Synthetic benchmark and mock model outputs. The harness logic is real and unit-tested.
Eval Gauntlet treats prompt changes the way CI treats code changes. The task under test is structured extraction: given a short infrastructure snippet, produce one security finding as strict JSON ({severity, control, evidence}). A hand-authored synthetic benchmark of 24 gold-labeled cases is scored against two static mock model output sets standing in for prompt v1 and prompt v2, seeded with the failure modes that show up in real eval work: missed findings, wrong severities, hallucinated control ids and malformed JSON (truncation, single quotes, trailing commas, prose preambles). The harness parses each output through a strict two-layer validator (syntactic JSON, then schema shape), runs four scorers (exact match, per-field precision/recall/F1, a severity-weighted score so critical cases count most, and a strict-JSON validity rate), then compares the two runs case by case to produce improved/regressed/unchanged verdicts plus aggregate deltas.

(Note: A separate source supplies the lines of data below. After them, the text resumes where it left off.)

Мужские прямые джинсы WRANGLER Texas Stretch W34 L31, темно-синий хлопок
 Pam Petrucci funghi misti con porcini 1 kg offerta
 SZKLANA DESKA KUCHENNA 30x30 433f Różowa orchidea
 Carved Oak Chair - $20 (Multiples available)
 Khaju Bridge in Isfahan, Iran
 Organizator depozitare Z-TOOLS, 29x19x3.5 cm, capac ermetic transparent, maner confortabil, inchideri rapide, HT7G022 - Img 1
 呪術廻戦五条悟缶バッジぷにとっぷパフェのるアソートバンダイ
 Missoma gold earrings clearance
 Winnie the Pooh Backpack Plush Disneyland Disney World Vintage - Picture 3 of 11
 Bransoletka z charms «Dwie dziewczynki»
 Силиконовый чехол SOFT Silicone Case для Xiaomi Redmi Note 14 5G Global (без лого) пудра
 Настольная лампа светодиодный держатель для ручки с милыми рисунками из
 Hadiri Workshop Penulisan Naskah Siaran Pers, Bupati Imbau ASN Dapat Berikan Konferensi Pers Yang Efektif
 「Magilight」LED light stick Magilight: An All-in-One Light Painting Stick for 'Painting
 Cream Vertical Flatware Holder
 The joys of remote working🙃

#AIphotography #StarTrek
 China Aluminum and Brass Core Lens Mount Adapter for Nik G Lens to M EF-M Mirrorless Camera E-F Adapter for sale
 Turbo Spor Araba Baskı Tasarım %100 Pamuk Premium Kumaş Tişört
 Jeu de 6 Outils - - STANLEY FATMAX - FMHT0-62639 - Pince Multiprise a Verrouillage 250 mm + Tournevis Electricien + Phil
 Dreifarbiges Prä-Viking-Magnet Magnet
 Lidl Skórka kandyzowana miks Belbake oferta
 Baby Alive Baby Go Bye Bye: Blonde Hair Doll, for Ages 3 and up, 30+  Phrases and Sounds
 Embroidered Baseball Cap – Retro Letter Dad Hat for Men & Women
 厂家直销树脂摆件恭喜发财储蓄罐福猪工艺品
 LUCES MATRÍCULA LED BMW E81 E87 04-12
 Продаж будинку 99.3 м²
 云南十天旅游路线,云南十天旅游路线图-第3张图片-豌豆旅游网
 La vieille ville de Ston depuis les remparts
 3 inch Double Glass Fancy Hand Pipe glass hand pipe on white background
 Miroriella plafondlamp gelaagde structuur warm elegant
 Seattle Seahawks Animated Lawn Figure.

The built-in comparison makes the core point of regression-aware evals: v2 lifts every aggregate while still breaking two cases that v1 got right, which only the per-case gate catches. The benchmark is synthetic by design; the parsing, scoring and comparison machinery is real, fully deterministic and covered by 27 unit tests.
- TypeScript
- React
- Next.js
- Vitest
- Strict JSON validation
- Precision / Recall / F1
Architecture · gold labels → strict parse → multi-scorer → regression gate
Gold benchmark
24 hand-authored synthetic cases: an infrastructure snippet plus the expected {severity, control, evidence} finding.
Strict parsing
Each raw model output passes two layers: syntactic JSON, then schema shape. Trailing commas, prose preambles and missing keys all fail loudly.
Multi-scorer
Exact match, per-field precision/recall/F1, severity-weighted accuracy and strict-JSON validity, computed per run.
Regression gate
Prompt v1 vs v2 compared case by case into improved/regressed/unchanged verdicts, so a better aggregate cannot hide broken cases.
- Gold-labeled cases
- 24
- Scorers
- 4
- Mock outputs scored
- 48 (24 × 2 prompts)
- Unit tests
- 27 passing